INFORMATION SHOWN ::
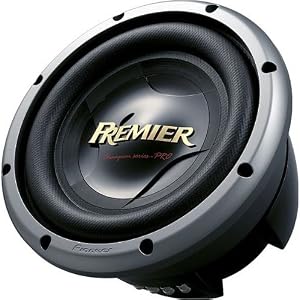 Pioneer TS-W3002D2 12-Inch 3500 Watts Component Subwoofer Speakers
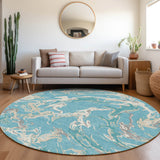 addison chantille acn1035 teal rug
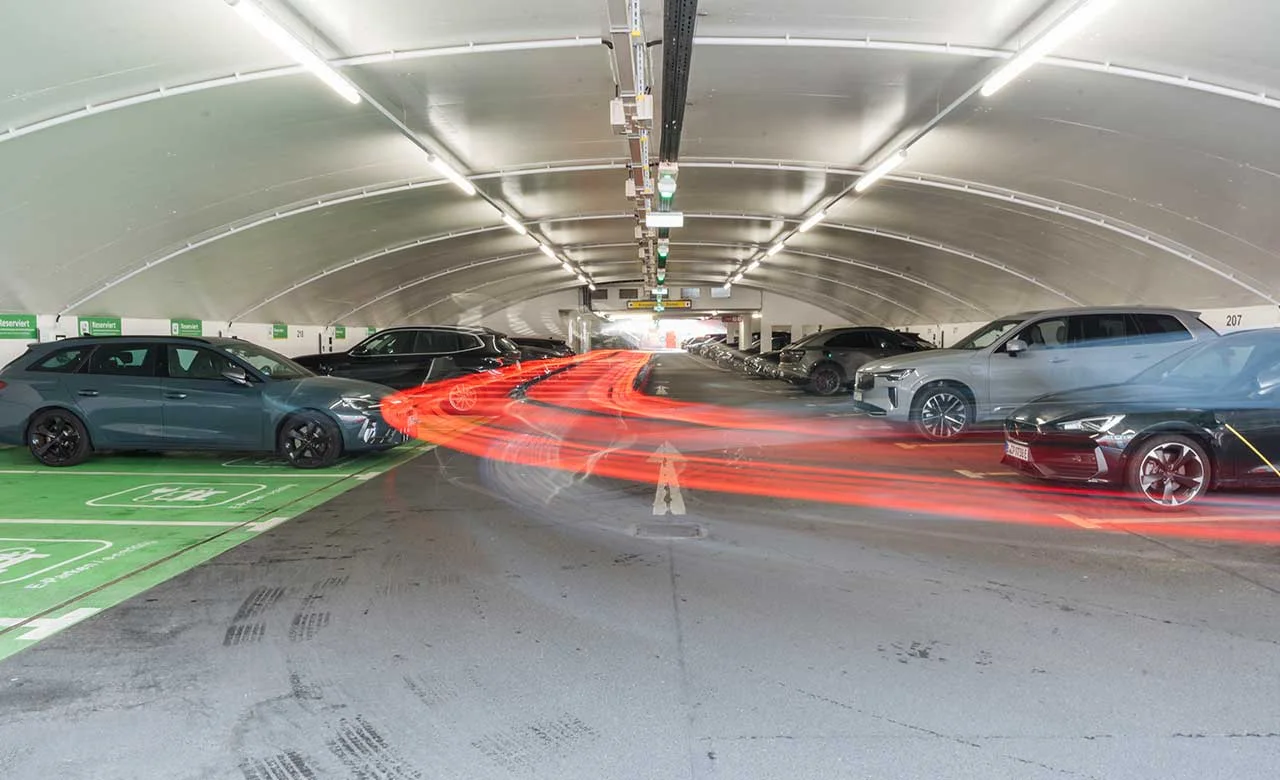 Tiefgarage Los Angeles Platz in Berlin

WHAT IS BEING ASKED ::
For this exercise, retype the data above exactly and skip every image.

TASK ANSWER ::
 Pioneer TS-W3002D2 12-Inch 3500 Watts Component Subwoofer Speakers
 addison chantille acn1035 teal rug
 Tiefgarage Los Angeles Platz in Berlin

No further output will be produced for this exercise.